** Opening Supplied material block **

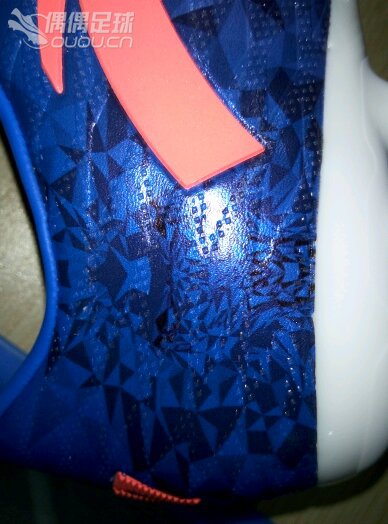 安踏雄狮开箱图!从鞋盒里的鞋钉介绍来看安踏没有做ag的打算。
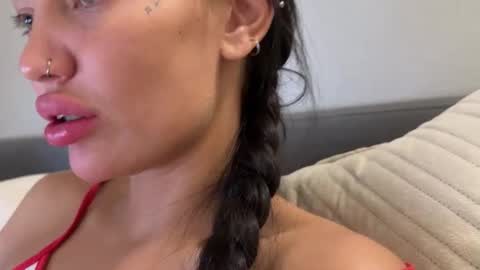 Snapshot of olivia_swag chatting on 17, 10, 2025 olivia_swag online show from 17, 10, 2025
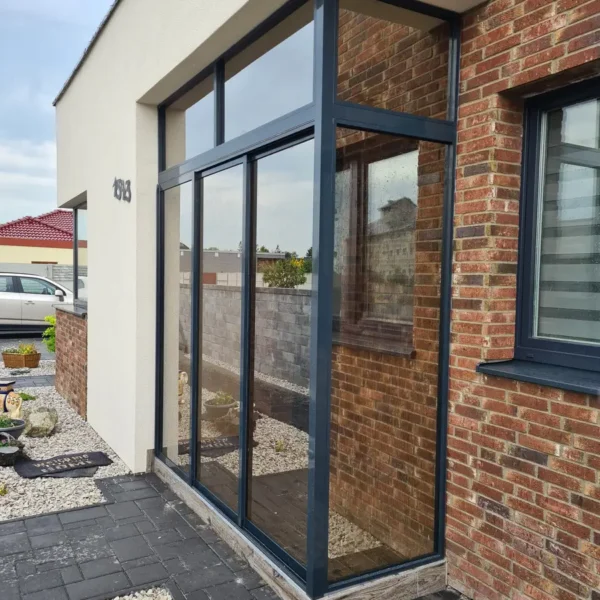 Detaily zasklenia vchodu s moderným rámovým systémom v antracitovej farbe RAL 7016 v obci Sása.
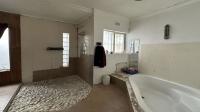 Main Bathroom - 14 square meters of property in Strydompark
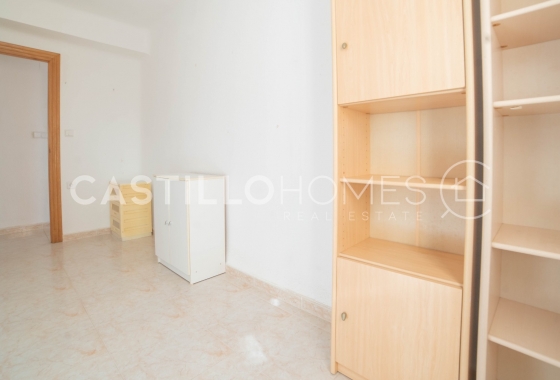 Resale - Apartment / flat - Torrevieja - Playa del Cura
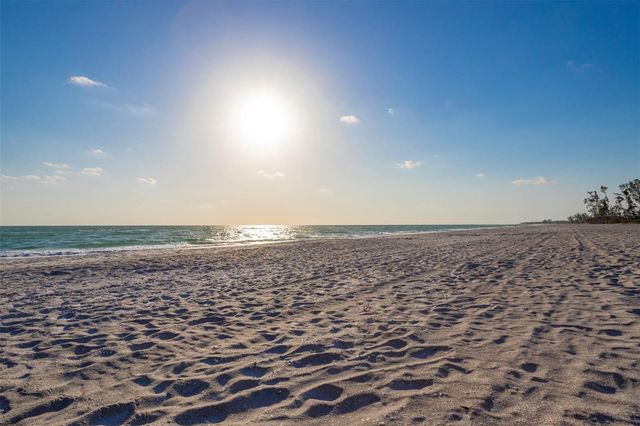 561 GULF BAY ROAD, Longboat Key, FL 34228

** Closing Supplied material block **
** Opening Supplied material block **

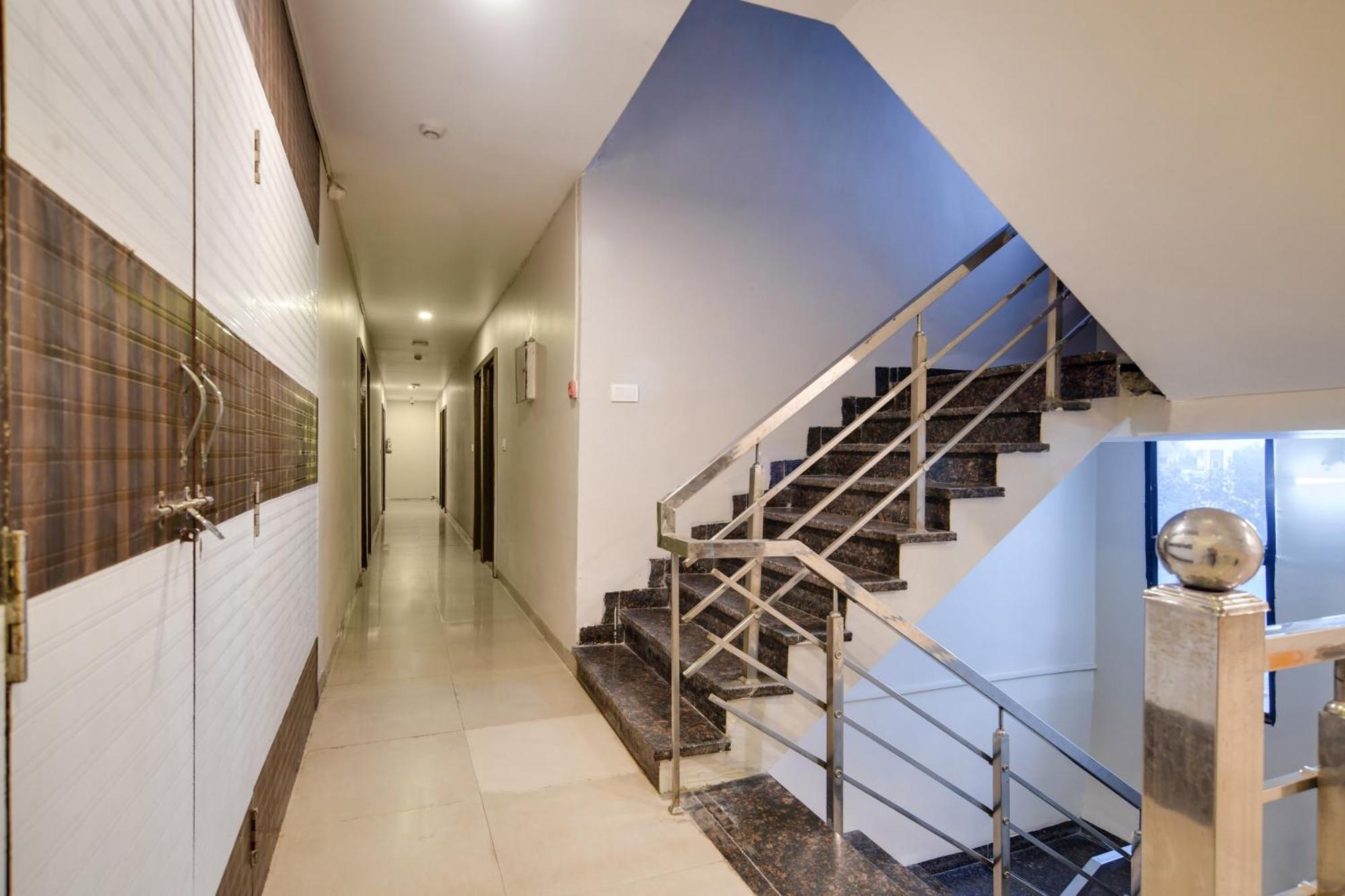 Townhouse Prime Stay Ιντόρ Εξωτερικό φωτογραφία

** Closing Supplied material block **
** Opening Supplied material block **

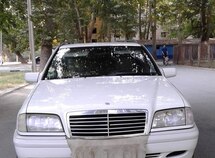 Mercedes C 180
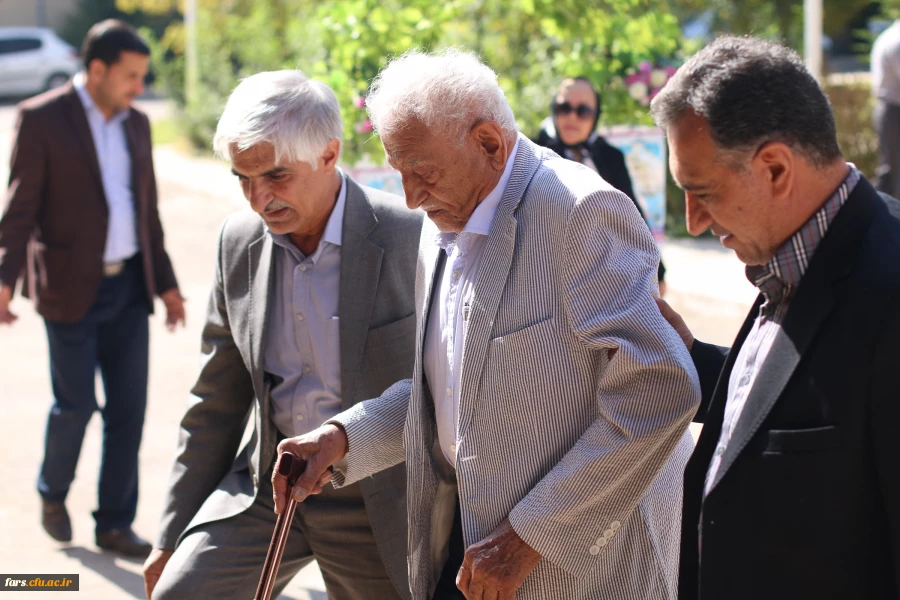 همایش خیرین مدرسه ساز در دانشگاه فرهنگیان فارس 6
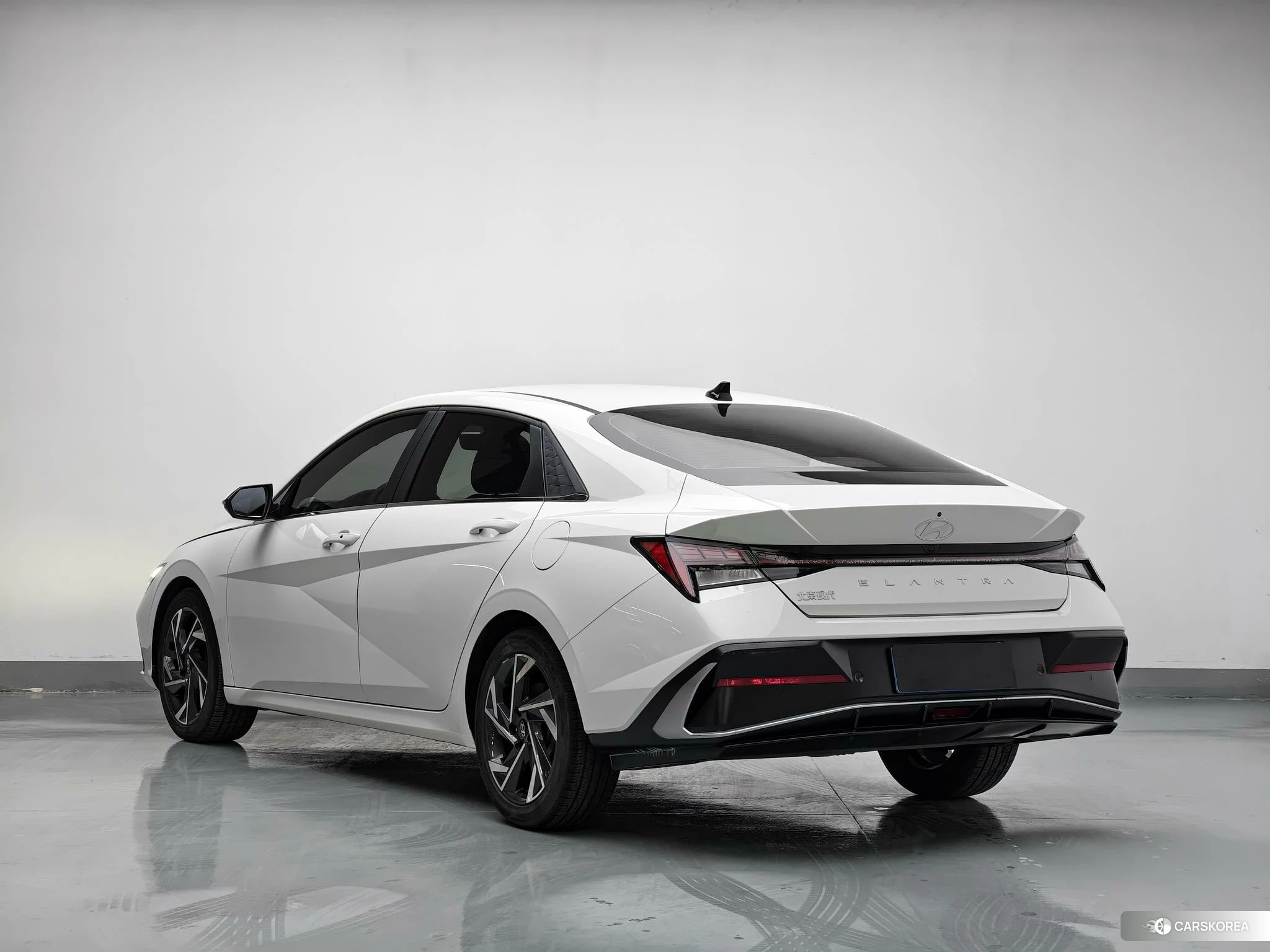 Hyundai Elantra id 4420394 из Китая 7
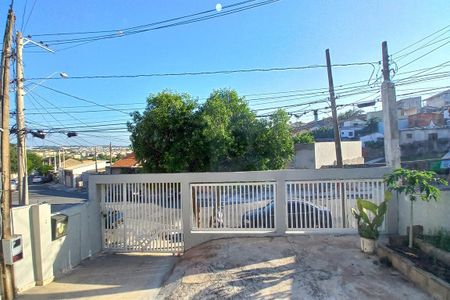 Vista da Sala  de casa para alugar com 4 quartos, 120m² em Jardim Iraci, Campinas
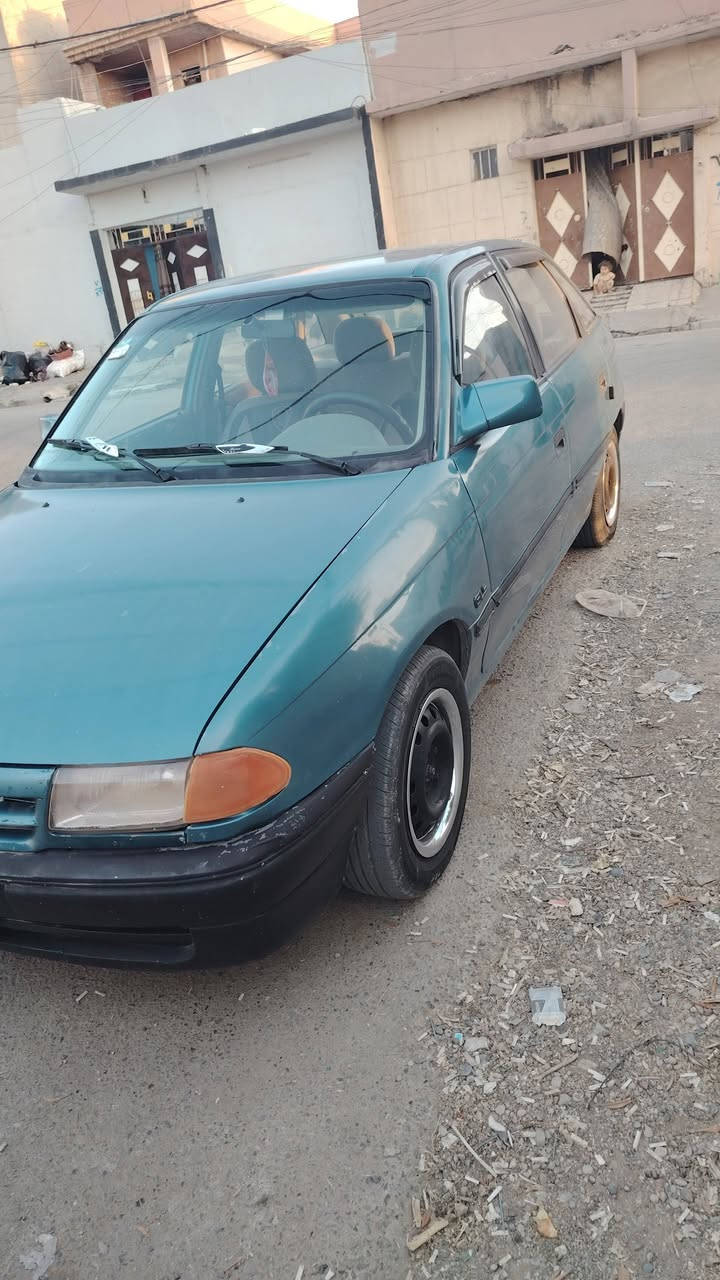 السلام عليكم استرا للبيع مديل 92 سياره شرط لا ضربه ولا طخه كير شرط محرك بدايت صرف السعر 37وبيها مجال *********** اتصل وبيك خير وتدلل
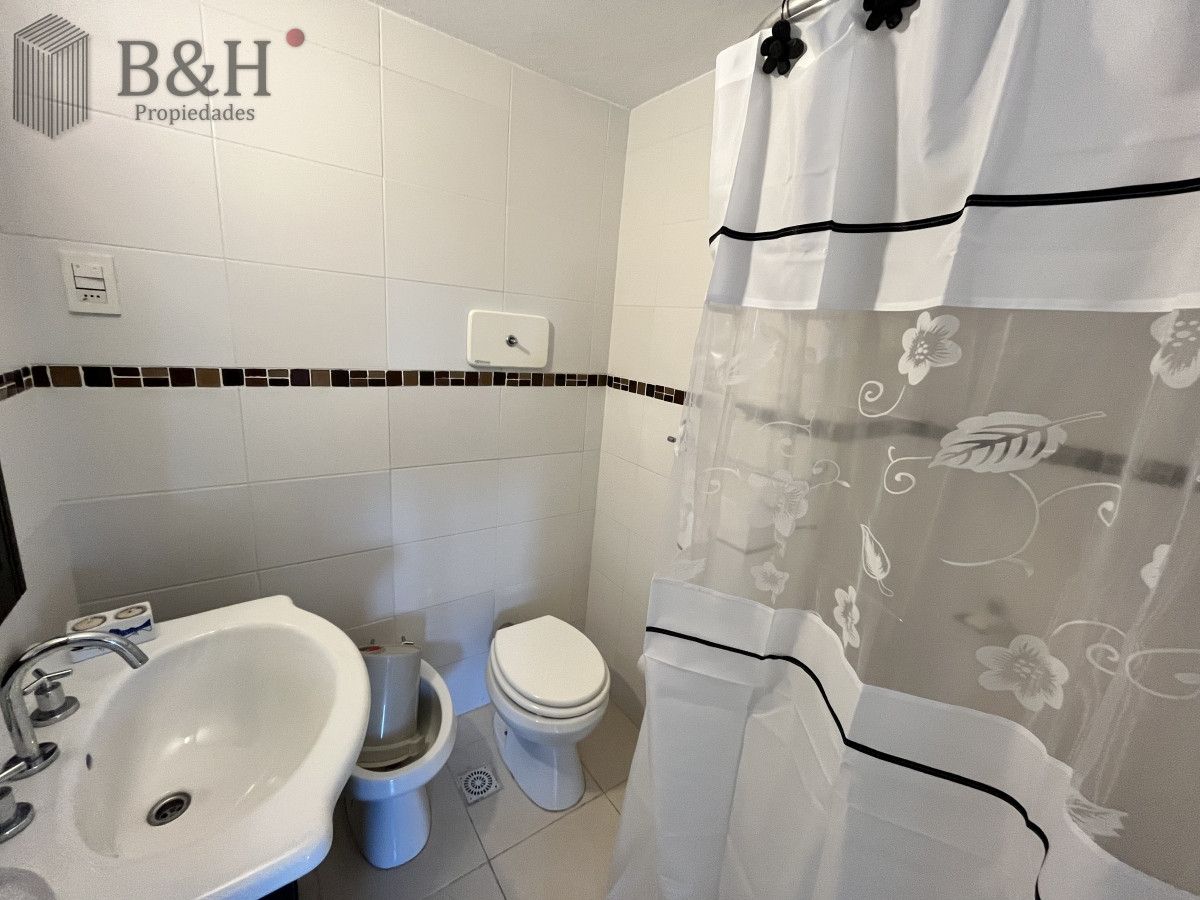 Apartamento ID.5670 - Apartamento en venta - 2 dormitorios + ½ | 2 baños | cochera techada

** Closing Supplied material block **

Activity
Return exactly the lines that appear in the data above between the line containing "Detaily zasklenia vchodu" and the line containing "561 GULF BAY ROAD, Longboat Key, FL 34228", both of which are included, and leave the pictures out.

Task answer
 Detaily zasklenia vchodu s moderným rámovým systémom v antracitovej farbe RAL 7016 v obci Sása.
 Main Bathroom - 14 square meters of property in Strydompark
 Resale - Apartment / flat - Torrevieja - Playa del Cura
 561 GULF BAY ROAD, Longboat Key, FL 34228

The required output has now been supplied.